[Data for analysis — start]
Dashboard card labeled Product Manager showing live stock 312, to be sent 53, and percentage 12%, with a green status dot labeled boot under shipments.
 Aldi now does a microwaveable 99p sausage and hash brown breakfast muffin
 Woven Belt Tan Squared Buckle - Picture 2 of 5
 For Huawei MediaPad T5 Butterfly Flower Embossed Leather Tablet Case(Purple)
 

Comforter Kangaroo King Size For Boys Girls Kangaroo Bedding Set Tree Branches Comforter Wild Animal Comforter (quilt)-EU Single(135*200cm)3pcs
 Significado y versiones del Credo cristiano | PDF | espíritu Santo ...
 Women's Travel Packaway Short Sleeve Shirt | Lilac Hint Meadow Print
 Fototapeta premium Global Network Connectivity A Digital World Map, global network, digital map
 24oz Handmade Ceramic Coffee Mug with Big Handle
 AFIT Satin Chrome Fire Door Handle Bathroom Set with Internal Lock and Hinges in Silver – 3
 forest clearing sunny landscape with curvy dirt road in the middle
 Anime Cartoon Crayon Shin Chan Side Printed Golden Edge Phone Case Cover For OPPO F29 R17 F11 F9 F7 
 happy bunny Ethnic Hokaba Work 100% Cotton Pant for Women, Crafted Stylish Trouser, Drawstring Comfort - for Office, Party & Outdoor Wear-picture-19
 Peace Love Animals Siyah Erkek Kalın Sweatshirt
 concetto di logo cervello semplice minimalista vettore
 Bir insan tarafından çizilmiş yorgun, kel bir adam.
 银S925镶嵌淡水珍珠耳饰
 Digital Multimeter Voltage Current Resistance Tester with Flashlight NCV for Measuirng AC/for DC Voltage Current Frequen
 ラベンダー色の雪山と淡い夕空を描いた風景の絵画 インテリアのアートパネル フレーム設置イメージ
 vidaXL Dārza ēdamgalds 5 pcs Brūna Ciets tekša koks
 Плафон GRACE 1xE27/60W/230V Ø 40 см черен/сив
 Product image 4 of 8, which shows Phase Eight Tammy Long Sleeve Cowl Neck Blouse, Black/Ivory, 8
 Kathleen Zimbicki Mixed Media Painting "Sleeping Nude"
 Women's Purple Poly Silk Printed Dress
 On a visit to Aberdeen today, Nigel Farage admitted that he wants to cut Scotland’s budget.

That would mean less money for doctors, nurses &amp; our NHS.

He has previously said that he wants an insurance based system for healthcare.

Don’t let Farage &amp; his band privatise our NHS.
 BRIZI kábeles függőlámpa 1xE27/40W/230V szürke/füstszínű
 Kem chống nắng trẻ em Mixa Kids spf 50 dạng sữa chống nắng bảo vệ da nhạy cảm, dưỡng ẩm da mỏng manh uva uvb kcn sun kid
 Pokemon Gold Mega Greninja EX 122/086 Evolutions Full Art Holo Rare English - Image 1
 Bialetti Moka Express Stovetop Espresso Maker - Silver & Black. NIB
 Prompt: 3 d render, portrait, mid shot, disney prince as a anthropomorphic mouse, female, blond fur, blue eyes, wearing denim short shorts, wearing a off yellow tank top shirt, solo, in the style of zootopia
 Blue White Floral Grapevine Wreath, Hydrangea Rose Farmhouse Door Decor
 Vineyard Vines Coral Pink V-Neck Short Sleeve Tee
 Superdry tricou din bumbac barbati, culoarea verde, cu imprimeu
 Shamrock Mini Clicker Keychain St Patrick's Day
[Data for analysis — finish]
> [Your assignment]: The answer is to be one number: the count of lines in the entries containing the string "Purple".

> [Worked solution]: 2